Exploring the fragility index and learning about clinical trials

By: Bryan Bunning (bjb2178) | Yuanzhi Yu (yy3019) | Zongchao Liu (zl2860) | Gavin Ko (wk2343) | Kevin S.W. (ksw2137)

Introduction

Fragility index (FI) measures the “fragility” of a clinical trial by iteratively switching the outcomes of a single trial arm and evaluating whether or not the trial becomes non-signifcant. It therefore measures the number of patient outcomes required for a statistical test to change. FI has been suggested to be an easy-to-understand metric of a clinical trial’s robustness, which may pair well with other frequently discussed metrics like p-values and we are interested in how FI may differ based on different clinical trial characteristics. This project investigates the fragility index using real world data in addition to baseline information about clinical trials. More details regarding our motivation can be found here.

Dataset

Obtaining our dataset is the hardest portion of this project. After various trial and error, we decided to use clinicaltrials.gov as our data source. This is a website provided by U.S. National Library of Medicine that stores information on studies being conducted around the world.

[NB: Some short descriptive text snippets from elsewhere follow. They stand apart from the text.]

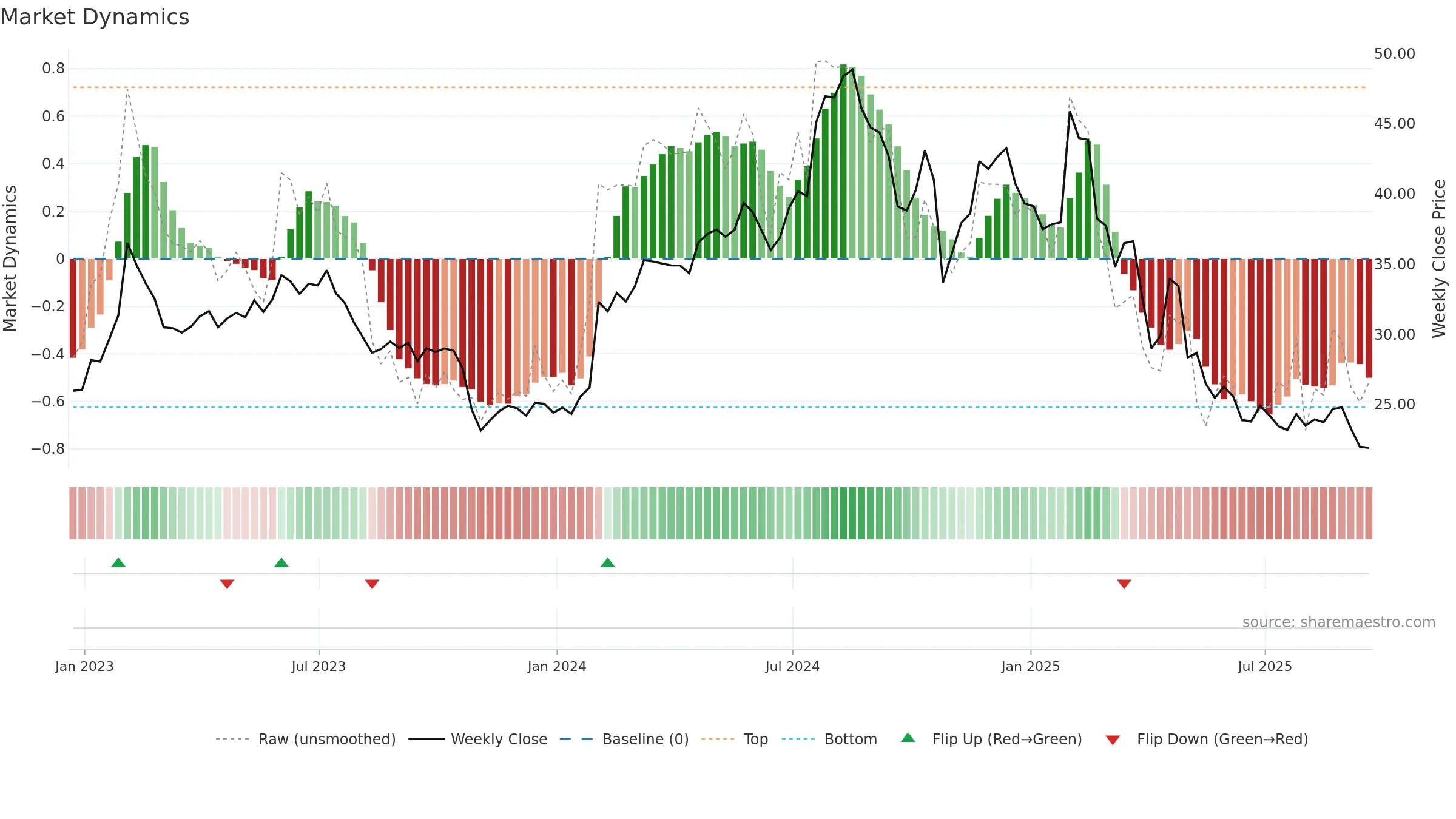 CRTO weekly Market Dynamics chart, closing 2025-09-19.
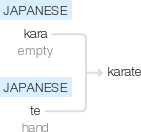 Ety img karate.png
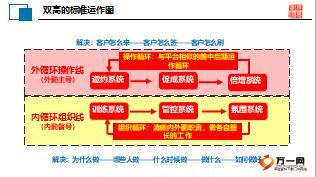 双高体系工作模式及新人培训技巧65页.ppt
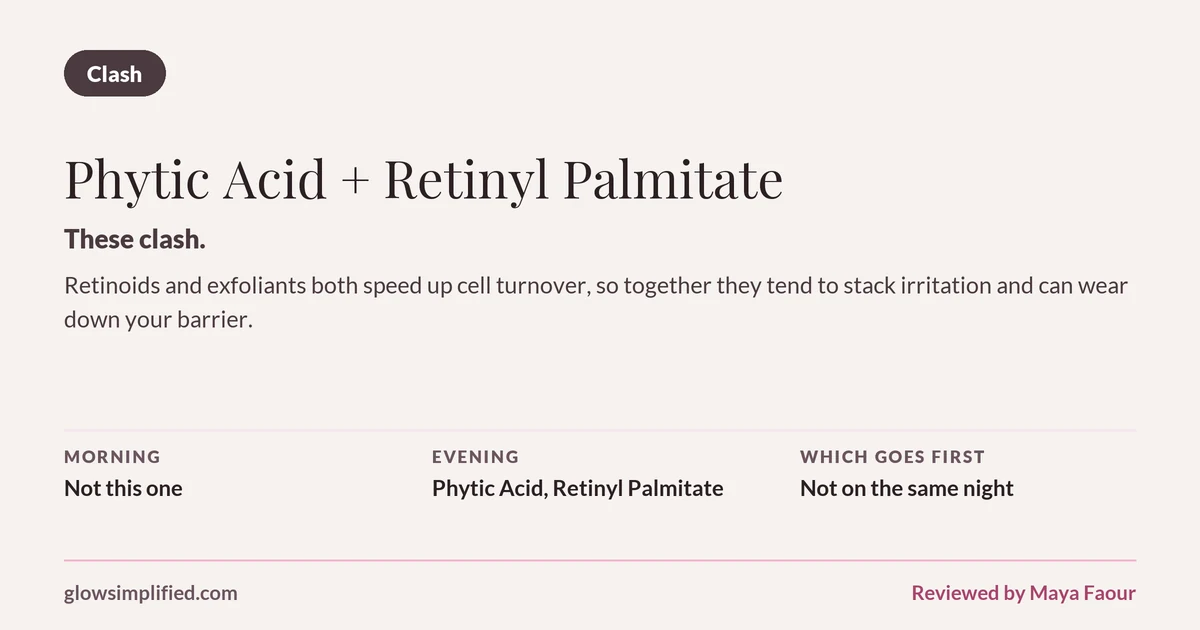 Phytic Acid and Retinyl Palmitate: Clash. These clash. Retinoids and exfoliants both speed up cell turnover, so together they tend to stack irritation and can wear down your barrier. Which goes first: Not on the same night.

At first, we set the main target to autoimmune disorders related clinical trials. However, the resulting dataset wasn’t big enough for us to conduct further analysis. Therefore, we broadened our criteria to US-based phase III clinical trials.

This project ended up utilizing two manually created datasets:

A dataset created through html scraping clinicaltrials.gov which gave us trials eligible to calculate the fragility index.
A separate and distinct dataset created by selecting information by XML to explore geographical and temporal trends in clinical trials from all available clinical trial data

Findings

A quick summary of our findings include:

Data scraping of clinicaltrials.gov is difficult
Out of 10,000 trials prior to 2017, only 39 met our criteria for calculating the fragility index.
California has by far the most number of clinical trials out of available data

For detailed results, analysis and output, please refer to our report.

Fun Facts about the project

This project utilized 5 custom functions made by members of the team.
The XML for all publicly available clinical trial data is over 800 MB large.
To date, there have been 158 clinical trials based in Hawaii, and only 10 in Wyoming.
Alabama has the 2nd most industry-backed clinical trials in the US.